Collected data Block Start

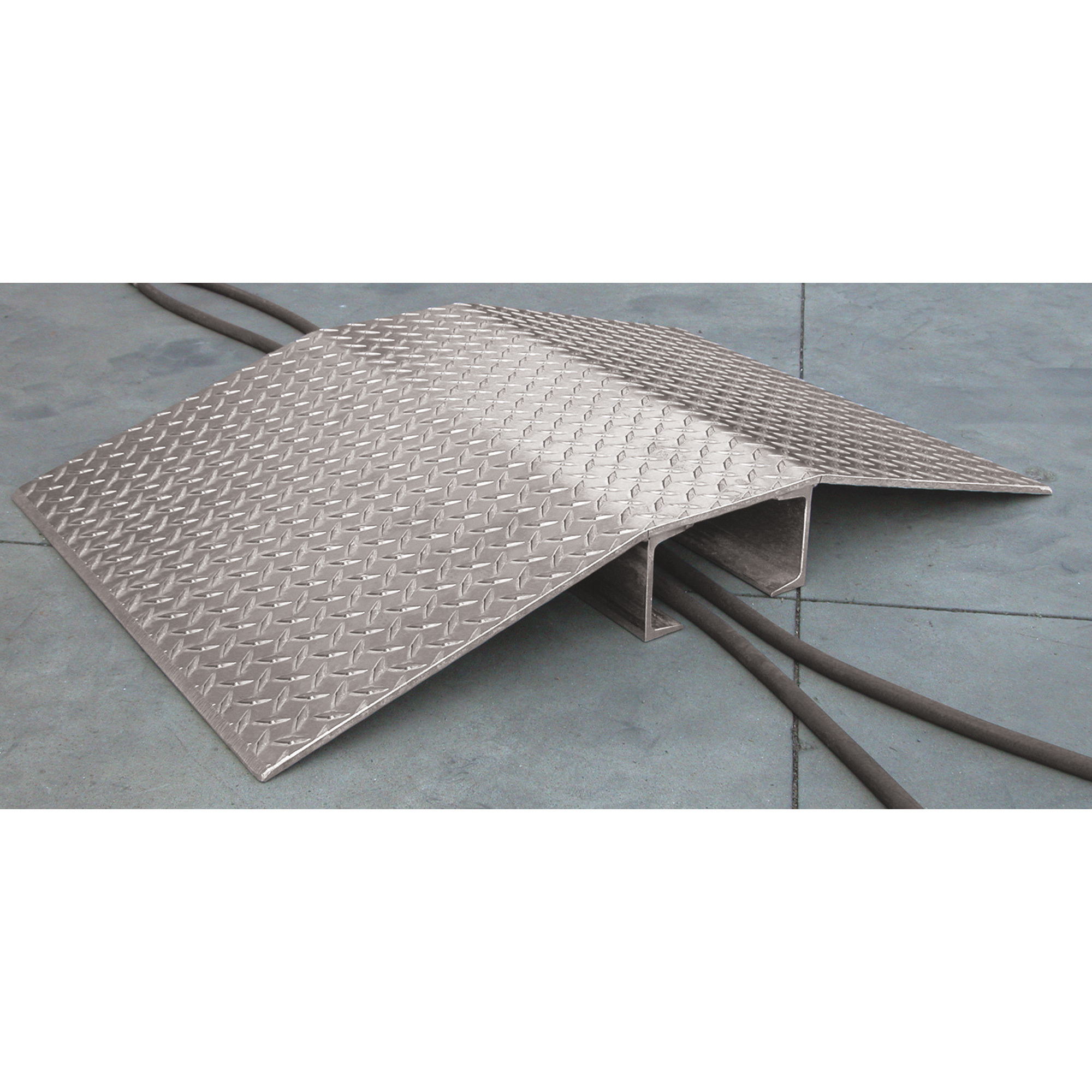 Vestil Fabricated Aluminum Hose and Cable Crossover - 40in. x 24in., Tread Plate, Model# FHCR-24-40-8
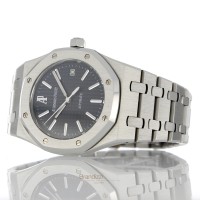 Audemars Piguet Royal Oak Ref. 15300ST.OO.1220ST.02 Like New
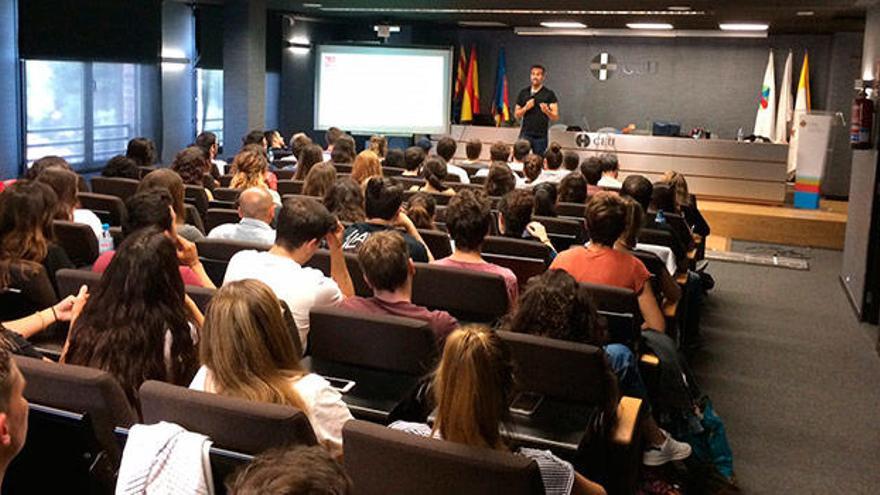 Rafael Sabido durante el seminario.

Collected data Block End

• [Task goal]
Without the pictures, transcribe the listing exactly as it stands.

• [Completed exercise]
 Vestil Fabricated Aluminum Hose and Cable Crossover - 40in. x 24in., Tread Plate, Model# FHCR-24-40-8
 Audemars Piguet Royal Oak Ref. 15300ST.OO.1220ST.02 Like New
 Rafael Sabido durante el seminario.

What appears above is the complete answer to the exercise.